=== INFORMATION SUPPLIED ===
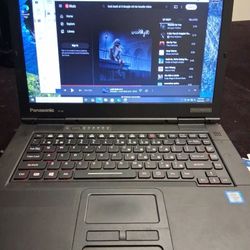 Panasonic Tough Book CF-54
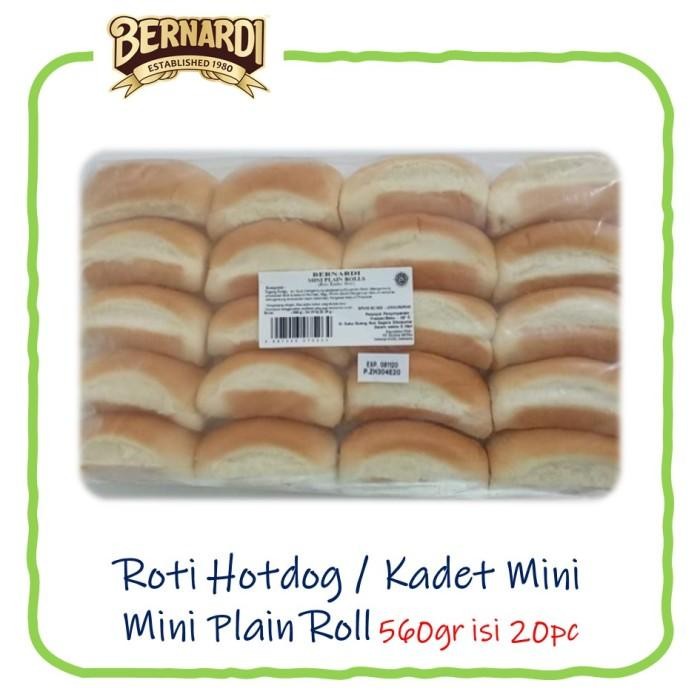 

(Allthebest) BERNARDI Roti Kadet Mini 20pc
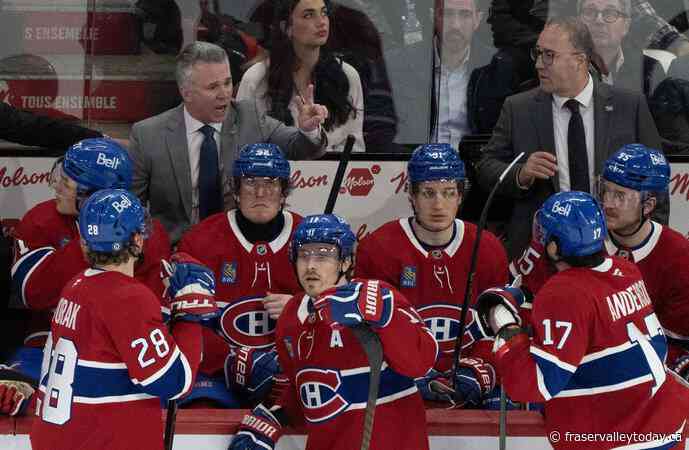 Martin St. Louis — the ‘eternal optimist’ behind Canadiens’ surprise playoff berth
===
## [WHAT IS REQUIRED]
Write out the listing word for word, omitting the pictures it holds.

## [ANSWER FOR THE TASK]
 Panasonic Tough Book CF-54

(Allthebest) BERNARDI Roti Kadet Mini 20pc
 Martin St. Louis — the ‘eternal optimist’ behind Canadiens’ surprise playoff berth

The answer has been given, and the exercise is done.